ABD, 2001 yılında "Uzun Süreli Özgürlük" adı verilen bir operasyonla Afganistan'a girdi ve bugün, on binlerce Afgan'ın hayatını kaybettiği, hayatta kalanların da kendi hayatlarının ve ülkelerinin yirmi yılını hiçbir kazanım olmaksızın, cazip ama içi boş sloganlar atarak geçirdiğini görüp, ABD koalisyonunun ayrıca 3.000 askeri zayiatı ve gelecek nesillerin omuzlarına yüklenecek trilyonlarca dolarlık borcun altına girdiği bir ortamda bu ülkeyi terk ediyor.
Afganistan'da dökülen kanlar, "özgürlük", "demokrasi", "insan hakları" gibi fiyakalı sözler bahane edilerek meşrulaştırılan psikolojik tahribat ve can kayıpları, elbette savaşın maddi hasarlarının çok fevkinde bulunmaktadır. Bu 20 yıl boyunca, hangi nedenle olursa olsun gözlerden saklı kalmış olan acılar ve maliyetler, bu günlerde, Afganistan'da yaşanan olaylar ve ABD'nin bu ülkedeki eylemleri ile birlikte özet bir şeklinde kamuoyunun genel ekran perdesine yansımıştır taki dünya Amerika’nın siyasi dünya görüşündeki bazı şık kavramları aldatıcı demogojilerin ve jestlerin ötesinde oturup yeniden yargılasın.
Dün siber ortamdaki bazı kullanıcılar, iki Afgan vatandaşının Kabil Uluslararası Havalimanı'nda bir Amerikan uçağından acı bir şekilde düşmesi gerekçesiyle, içinden bombaların ve insanların düştüğü bir Amerikan uçağının resmini çizdi ve "Yirmi yıl tek bir görüntüde" yazdı.
Bu görüntü ve bir ABD uçağının Kabil Uluslararası Havalimanı'ndan havalanmasının ardından üç Afgan vatandaşının öldürülmesi, gerçekten, ülkelerindeki yirmi yıllık ABD askeri varlığı boyunca Afgan halkının yaşamının gerçekliğine dair katıksız bir cilename olarak kabul edilebilir. Associated Press, bugün, Afganistan'da ABD askeri varlığı boyunca yapılan operasyonlar neticesinde 47.245 Afgan sivilin öldürüldüğünü yazdı. Bu istatistik, elbette, Amerikan medyasının da kabul ettiği gibi, pek çok kısmı istatistiklerde veya medyada asla yer almayan, felaketin derinliğine ilişkin çok küçük gösterilmiş ve zayıf bir rakamdır.

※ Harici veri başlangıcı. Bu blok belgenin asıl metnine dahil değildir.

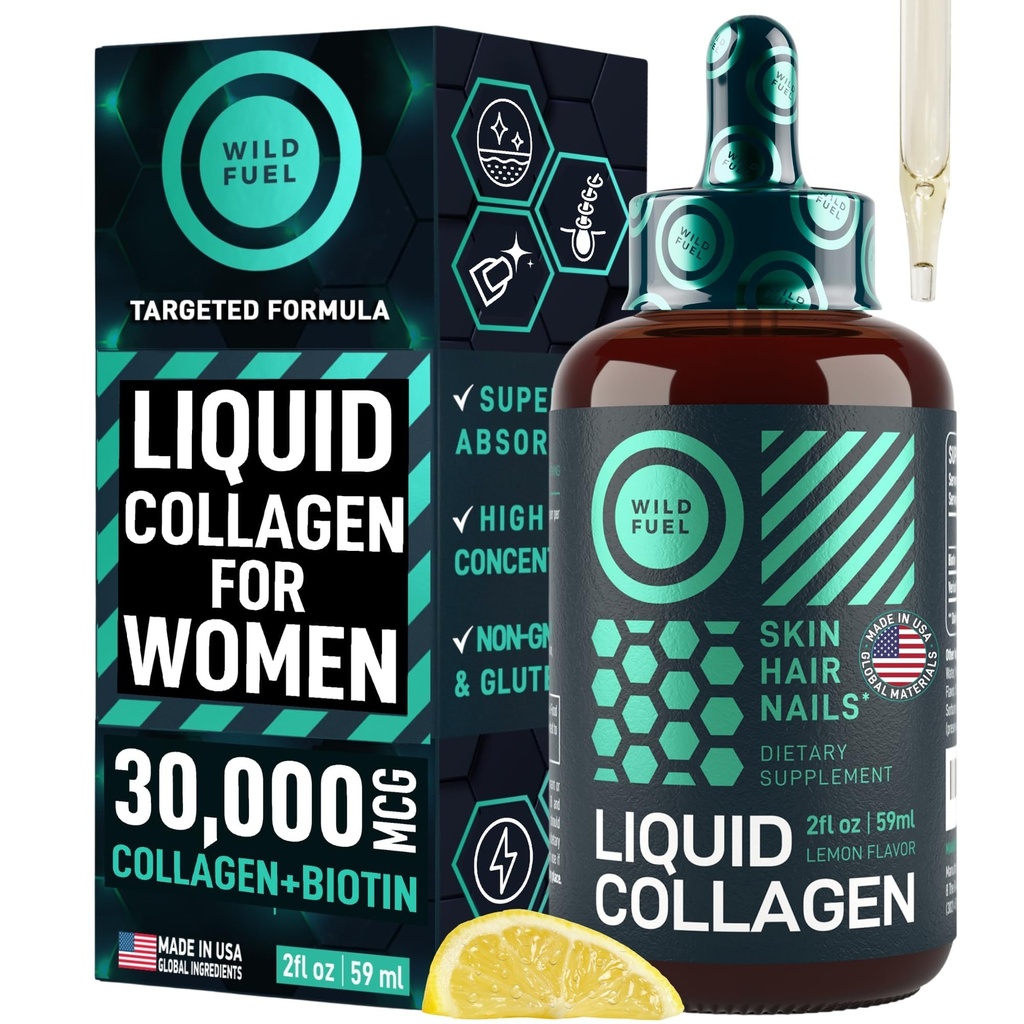 WILD FUEL flytende kollagenpeptider med Biotin vitaminer for hår og negler - 30.000mcg flytende kollagen for kvinner og menn Plus Biotin - Lemon Flavor, opp til 2 måneder - 2 oz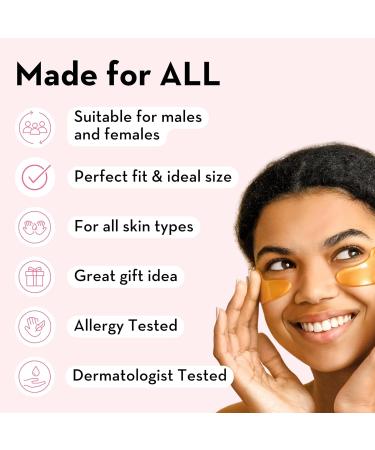Elizabeth Mott 24K Gold Under Eye Patches - Hydrating & Brightening Eye Mask with Collagen Niacinamide & Peptides | Perfect Gifts for Women - Cruelty Free - Buy Online on GoSupps.com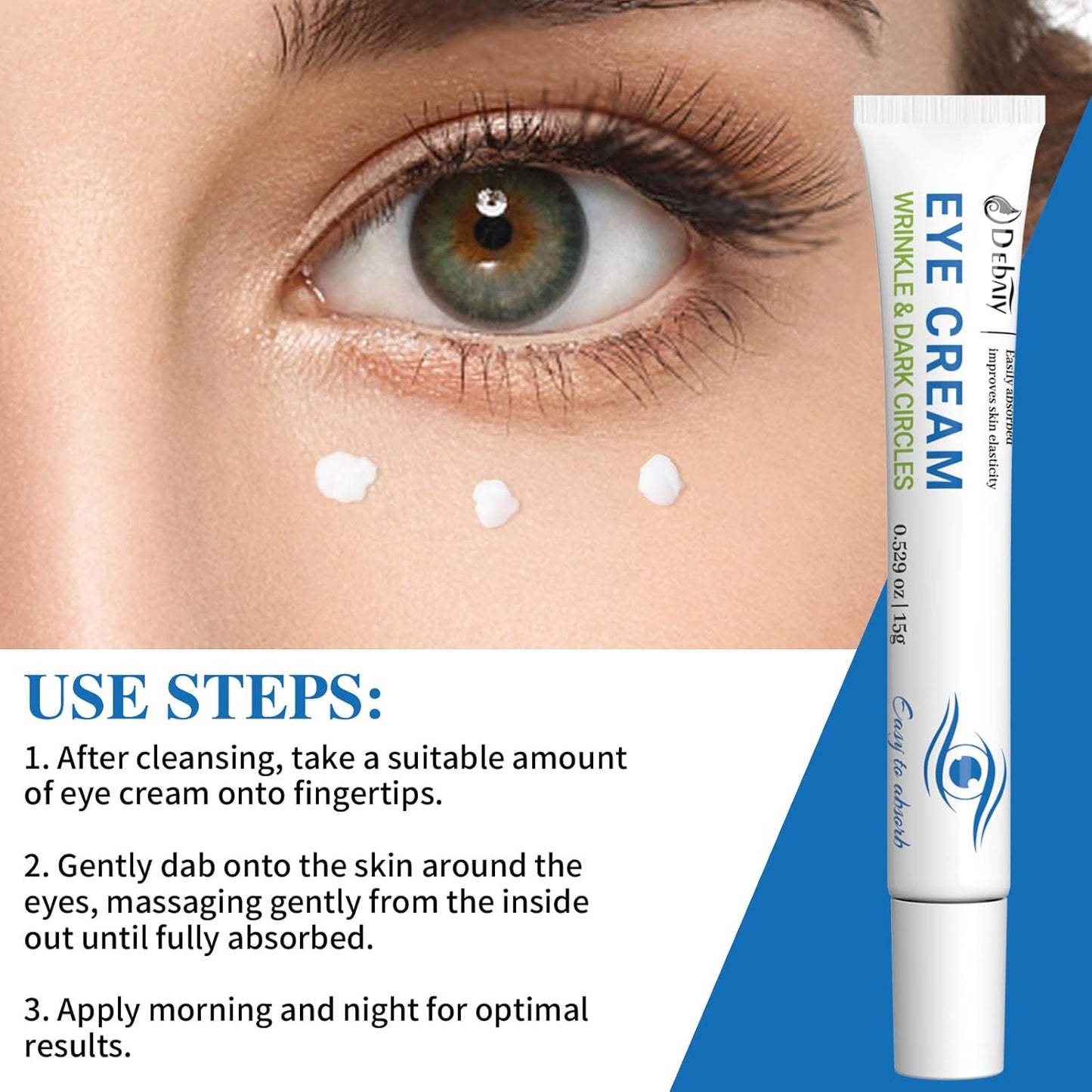 3 Pack Anti-Wrinkle Eye Cream with Caffeine & Peptides - Reduces Dark Circles & Puffiness, Improves Skin Texture (Each 0.529oz | 15g)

İnsan Hakları İzleme Örgütü 2001 tarihli bir raporunda, Amerikalıların Afganistan'daki operasyonların başlamasından sadece altı ay sonra 232 operasyonda 1.228 misket bombası attığını, çok sayıda sivilin öldürüldüğünü ve yaralandığını belgeledi. Dönemin Genelkurmay Başkanı Richard Myers, 25 Ekim 2001'de düzenlediği bir basın toplantısında, söz konusu bombaların kullanıldığını teyit ederek "Daha önce de söylediğimiz gibi konvansiyonel silahlarımızın hepsini kullanmak niyetindeyiz. Evet, misket bombalarını da kullandık” dedi.
Bomba Düşüşü ve İnsan Düşüşü: Bu ikisi, ABD'nin ayak bastığı her yerde varlığının sonucu olarak özetlenebilir. Amerikalılar ve onlara bağlı medya imparatorluğu, her Amerikan ürününü, hatta silahlarını ve teçhizatını dünyanın zihninde barış ve uzlaşma kanatlı beyaz güvercinler gibi tasvir etmeye çalışıyorlar, ancak Afganistan'daki bu birkaç gündeki olaylar, başka görüntüleri de aktardı ki bu görüntülerin semiyolojisinin yapılması halinde Amerika'yı “düşüş” ile eşitleyecektir: Bombanın düşüşü, insanlığın düşüşü, özgürlüğün düşüşü, kelimenin düşüşü ve belki de ABD’nin düşüşü.